Limitations of Cargo Area Connections
At Center for Pet Safety we routinely receive questions from pet owners about how to anchor a pet in the cargo area with a harness or a crate. While many pet product brands recommend this as a viable option, at CPS we believe pet owners need to be aware of the structural integrity limitations of the cargo area platform and the connections therein.
Cargo area anchors are not necessarily weight-rated to the requirements needed to properly anchor your pet. Additionally, the cargo area platform is not necessarily as solid as you think it may be.
Before choosing to anchor your pet in the cargo area, we recommend that you reach out to your vehicle’s manufacturer and confirm the connection strength in the cargo area.
In some cases the anchors can be upgraded, speak to the vehicle manufacturer to see if this is possible for your specific automobile.

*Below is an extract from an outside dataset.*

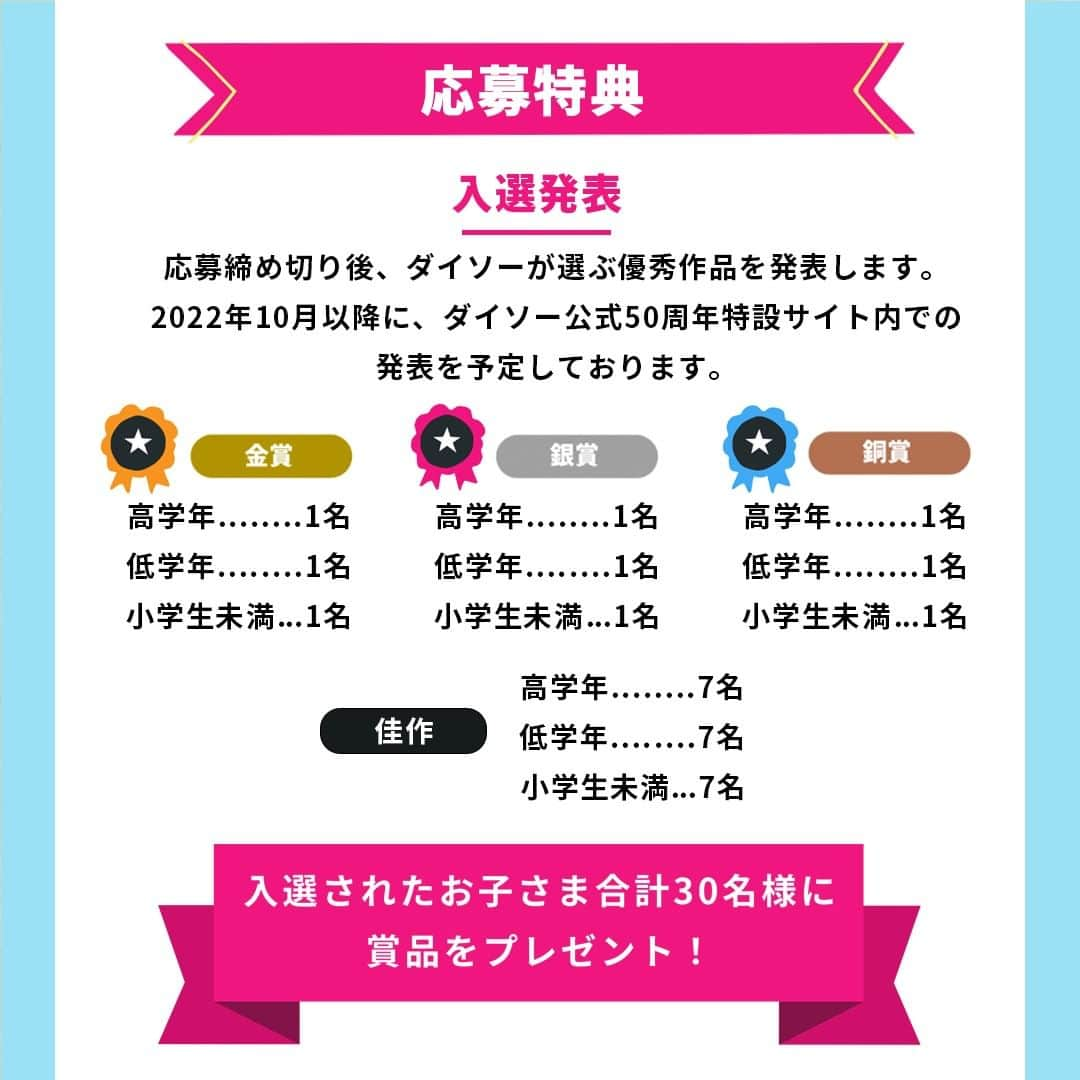 ダイソーさんのインスタグラム写真 - (ダイソーInstagram)「＼#ダイソーDIYフォトコンテスト 開催中✨／  ダイソー50周年記念Instagramアカウント（@daiso_50th ） にて、ダイソーの商品を使った#ダイソーDIYフォトコンテスト を開催中です✨  ダイソーの商品を使って自由研究をしよう♪ 優秀作品には豪華賞品をプレゼント🎁  ■応募期間 2022年7月7日（木）〜9月30日（金）23:59まで  ■応募方法 ① TwitterもしくはInstagram（ @daiso_50th ）のダイソー50周年記念アカウントをフォロー  ② ダイソーの商品を使ったDIY作品を撮影＆「こんな工夫ができた！」「発明に目覚めた！」 などの感想をコメント♪ 💬審査対象は1枚目の写真にて行います。 💬工夫した点や感想をコメントにご記入ください。 💬Instagramの場合は、作品で使用した商品パッケージ写真を2枚目以降にご投稿ください。 ※ダイソーの商品を複数点使用した作品であることが条件です。 ※対象は小学校6年生までとなります。  ③投稿に以下の3つの指定ハッシュタグ と @daiso_50th をメンションして投稿✨ 【指定のハッシュタグ】 1：#ダイソーDIYフォトコンテスト 2：#自由研究部門 3：#小学生未満 #低学年 #高学年 のいずれか ※上記3つのハッシュタグを必ずつけてください。 ※低学年→小学校1・2・3年 ※高学年→小学校4・5・6年 ※小学生未満→未就学のお子さま  その他任意のハッシュタグをご自由にお付けください！  ■賞/人数 入選されたお子さま合計30名様に賞品をプレゼント！🎁 ※賞品内容は後日発表予定です。  【自由研究部門】 ・金賞 高学年：1名 低学年：1名 小学生未満：1名  ・銀賞 高学年：1名 低学年：1名 小学生未満：1名  ・銅賞 高学年：1名 低学年：1名 小学生未満：1名  ・佳作 高学年：7名 低学年：7名 小学生未満：7名  ■注意事項 ※ご応募は日本国内在住の方に限らせていただきます。 ※非公開アカウントは応募の対象外となります。 ※本企画は、Instagramが運営・関与するものではありません。 ※なりすましアカウントには十分ご注意ください。  ■連絡方法 優秀作品に選ばれた方には、ダイソー50周年記念Instagramアカウント（@daiso_50th ） からダイレクトメッセージ(DM)でご連絡いたします。  さらに詳しい情報は、ダイソー50周年記念公式Instagramアカウント（@daiso_50th ） のストーリーズURLからチェック🌼  たくさんのご参加お待ちしています🎉 👇アカウントフォローはこちら @daiso_50th --------------- 50周年Twitterアカウントや 50周年LINE公式アカウントでも さまざまな情報を発信しています♪ ぜひフォローしてチェックしてくださいね👀✨  #ダイソーDIYフォトコンテスト #自由研究部門 #ダイソー #daiso #ダイソー50周年 #daiso50th #daisojapan�#100yenshop #100均 #大創 #ダイソー商品 #50周年 #周年企画 #特別企画 #感謝の気持ち #自由研究 #夏休みの宿題 #夏休みの工作  #小学生未満 #低学年 #高学年」7月7日 17時00分 - daiso_official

To do a quick check of the amount of force your dog can exert in an accident:
Mass* x Acceleration = Force
*For harness connections: Mass = weight of your dog
*For crate connections: Mass = weight of your dog PLUS the weight of the crate
In many cases, a cargo area connection recommended by a harness manufacturer requires the use of an extension tether, and as a rule, CPS does not recommend extension tethers or zipline-style products because we have proven they increase the risk to both you, your passengers and your pet in the case of a sudden stop or accident. Crates should be anchored with strength rated anchor straps to provide the best possible outcome in the case of a crash. As we found in our 2015 Crate Crashworthiness Study, the anchor straps are critically important to mitigate the excursion of the crate forward into the seatback or into the passenger compartment. We know that many connection options in vehicles have limitations, however these are limitations that even pet product manufacturers are faced with.
CPS recommends pet owners complete added due diligence while considering a cargo area connection.